Because of the pressure in the bottle, the cork is wired down to the lip of the Champagne bottle by a cage to prevent the accidental popping of the cork. It is important to loosen the bindings after taking off the metal foil covering the cork. Make sure to hold the cork with your thumb while using your other hand to loosen the cage. To allow for a rush of CO2 you should tilt the bottle on a 45-degree angle. Using a napkin to hold the cork firmly with one hand and the middle of the bottle with the other hand. The next step is to twist the bottle while wiggling the cork. Make sure to aim the cork away from anyone in the area. Finally, you will hear a “fizz” or slight “puff” of CO2 being realized from the bottle and the cork is off. It is not good to have a loud pop as Champagne could escape with the CO2 and you lose some Champagne. Not good for the person who is paying for it.

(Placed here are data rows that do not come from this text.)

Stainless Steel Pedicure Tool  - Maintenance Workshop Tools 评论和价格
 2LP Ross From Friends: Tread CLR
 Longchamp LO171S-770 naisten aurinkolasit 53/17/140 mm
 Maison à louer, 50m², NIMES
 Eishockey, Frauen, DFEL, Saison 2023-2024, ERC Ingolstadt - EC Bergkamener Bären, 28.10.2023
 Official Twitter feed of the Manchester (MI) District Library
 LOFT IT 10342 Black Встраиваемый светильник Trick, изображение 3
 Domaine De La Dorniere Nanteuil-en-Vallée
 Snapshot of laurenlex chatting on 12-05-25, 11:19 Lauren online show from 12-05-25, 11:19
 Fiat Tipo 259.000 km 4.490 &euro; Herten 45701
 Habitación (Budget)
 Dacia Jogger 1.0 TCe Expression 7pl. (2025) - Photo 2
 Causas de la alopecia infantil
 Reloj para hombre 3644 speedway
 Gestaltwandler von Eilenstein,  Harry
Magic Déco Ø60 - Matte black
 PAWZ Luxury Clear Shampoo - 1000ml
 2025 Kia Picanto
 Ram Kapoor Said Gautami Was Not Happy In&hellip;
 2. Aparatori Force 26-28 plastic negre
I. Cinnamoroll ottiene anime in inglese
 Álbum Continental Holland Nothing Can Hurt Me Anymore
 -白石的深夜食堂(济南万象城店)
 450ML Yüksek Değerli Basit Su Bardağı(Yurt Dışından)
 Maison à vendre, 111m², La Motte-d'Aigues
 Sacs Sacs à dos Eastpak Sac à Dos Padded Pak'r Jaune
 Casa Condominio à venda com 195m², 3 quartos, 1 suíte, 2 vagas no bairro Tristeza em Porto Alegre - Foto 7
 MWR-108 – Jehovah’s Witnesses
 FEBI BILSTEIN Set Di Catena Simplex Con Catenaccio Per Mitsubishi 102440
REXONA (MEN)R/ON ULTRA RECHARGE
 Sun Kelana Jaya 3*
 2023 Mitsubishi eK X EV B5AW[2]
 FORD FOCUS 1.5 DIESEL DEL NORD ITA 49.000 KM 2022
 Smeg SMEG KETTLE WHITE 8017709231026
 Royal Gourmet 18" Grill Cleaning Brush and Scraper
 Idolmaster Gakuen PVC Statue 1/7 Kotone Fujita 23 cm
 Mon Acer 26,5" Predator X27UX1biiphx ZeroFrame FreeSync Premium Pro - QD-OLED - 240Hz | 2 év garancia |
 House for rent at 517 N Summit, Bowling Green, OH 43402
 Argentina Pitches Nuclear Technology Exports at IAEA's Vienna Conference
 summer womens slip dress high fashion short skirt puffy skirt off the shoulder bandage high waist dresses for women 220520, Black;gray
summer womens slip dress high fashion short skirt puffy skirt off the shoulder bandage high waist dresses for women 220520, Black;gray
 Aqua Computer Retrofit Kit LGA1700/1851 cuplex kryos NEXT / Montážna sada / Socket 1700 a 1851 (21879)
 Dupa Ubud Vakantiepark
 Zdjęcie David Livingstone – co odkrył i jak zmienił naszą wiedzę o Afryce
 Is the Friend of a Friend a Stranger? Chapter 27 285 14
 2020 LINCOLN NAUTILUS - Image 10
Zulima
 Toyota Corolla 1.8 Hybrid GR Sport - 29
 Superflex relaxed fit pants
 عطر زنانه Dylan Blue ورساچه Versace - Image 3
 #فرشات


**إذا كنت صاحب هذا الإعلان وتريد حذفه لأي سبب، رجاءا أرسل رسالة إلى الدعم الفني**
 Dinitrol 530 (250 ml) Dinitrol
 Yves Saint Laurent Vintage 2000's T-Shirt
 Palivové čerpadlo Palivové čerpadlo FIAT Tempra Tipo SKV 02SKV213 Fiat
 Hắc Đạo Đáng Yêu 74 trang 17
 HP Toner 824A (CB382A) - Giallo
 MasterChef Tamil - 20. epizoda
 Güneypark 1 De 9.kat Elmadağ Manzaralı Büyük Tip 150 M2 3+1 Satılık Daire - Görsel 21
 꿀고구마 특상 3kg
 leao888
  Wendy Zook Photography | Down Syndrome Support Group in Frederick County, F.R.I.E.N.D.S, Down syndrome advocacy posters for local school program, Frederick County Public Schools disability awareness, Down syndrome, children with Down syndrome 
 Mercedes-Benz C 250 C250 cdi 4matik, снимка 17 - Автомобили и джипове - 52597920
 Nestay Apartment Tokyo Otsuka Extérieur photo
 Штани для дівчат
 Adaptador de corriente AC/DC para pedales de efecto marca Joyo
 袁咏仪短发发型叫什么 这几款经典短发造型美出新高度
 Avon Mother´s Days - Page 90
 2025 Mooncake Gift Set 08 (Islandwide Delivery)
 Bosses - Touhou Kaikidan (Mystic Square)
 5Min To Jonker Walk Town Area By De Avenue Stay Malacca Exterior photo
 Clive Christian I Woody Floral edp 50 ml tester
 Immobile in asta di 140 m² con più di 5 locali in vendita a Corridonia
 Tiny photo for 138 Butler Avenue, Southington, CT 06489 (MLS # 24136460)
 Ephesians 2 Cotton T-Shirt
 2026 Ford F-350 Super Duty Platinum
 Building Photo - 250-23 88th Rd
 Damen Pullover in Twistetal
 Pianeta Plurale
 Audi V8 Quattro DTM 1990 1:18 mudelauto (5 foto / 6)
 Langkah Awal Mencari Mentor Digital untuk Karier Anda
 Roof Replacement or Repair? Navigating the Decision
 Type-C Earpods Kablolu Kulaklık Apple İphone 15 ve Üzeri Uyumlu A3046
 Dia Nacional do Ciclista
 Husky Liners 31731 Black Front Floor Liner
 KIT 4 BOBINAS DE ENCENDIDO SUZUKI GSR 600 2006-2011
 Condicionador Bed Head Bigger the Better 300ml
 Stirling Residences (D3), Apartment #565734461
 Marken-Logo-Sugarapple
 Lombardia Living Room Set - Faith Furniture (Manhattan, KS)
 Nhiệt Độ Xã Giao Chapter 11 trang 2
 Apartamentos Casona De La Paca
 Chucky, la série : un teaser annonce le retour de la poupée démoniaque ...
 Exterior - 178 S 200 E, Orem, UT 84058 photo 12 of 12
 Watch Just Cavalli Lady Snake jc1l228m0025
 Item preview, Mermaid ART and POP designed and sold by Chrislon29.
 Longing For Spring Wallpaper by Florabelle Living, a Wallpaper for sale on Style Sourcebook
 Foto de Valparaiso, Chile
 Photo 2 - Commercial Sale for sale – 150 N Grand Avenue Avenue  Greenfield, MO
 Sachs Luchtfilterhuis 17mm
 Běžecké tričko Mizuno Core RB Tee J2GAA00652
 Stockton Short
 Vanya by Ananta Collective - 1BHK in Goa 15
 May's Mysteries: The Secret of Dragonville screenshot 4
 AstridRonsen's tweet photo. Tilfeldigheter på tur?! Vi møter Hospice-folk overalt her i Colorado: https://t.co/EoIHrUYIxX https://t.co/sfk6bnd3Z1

Now to pour the Champagne. Most Champagnes have a punt at the bottom of the bottle. The punt is the depression under the bottle. You use the punt to hold the bottle by sticking your thumb in the punt and your four fingers on the outer bottle and doing this with the label showing upwards towards the host and guests. With Champagne, there is no tasting only approving of the bottle ordered at first. If there are bubbles then the wine is good to serve. Guests are served first and the serving etiquette is used. Pouring Champagne takes a steady hand and some strength as the bottle is made of thick glass and full with Champagne which can be a little tricky. The best thing to do in order to have better control is to pick the glass off the table and pour the Champagne into a tipped glass angled at 30 degrees and lifting the angle upward as the glass fills. Adjust your pour rate so as to keep the Champagne from bubbling over the glass. Place the full Champagne glass below the water glass to the right of the guest. Repeat the process until the host is served. Remember one bottle of Champagne will fill 5-ounce glasses to the top.  If one bottle is ordered for 7 people you should pour just over half a glass to make all the 7 glasses. Presenting your skills makes you look professional and professionals get bigger tips! 

Champagne goes with every course of the dinner and is a great recommendation by the server.  The price will also pad the check and increase your potential tip.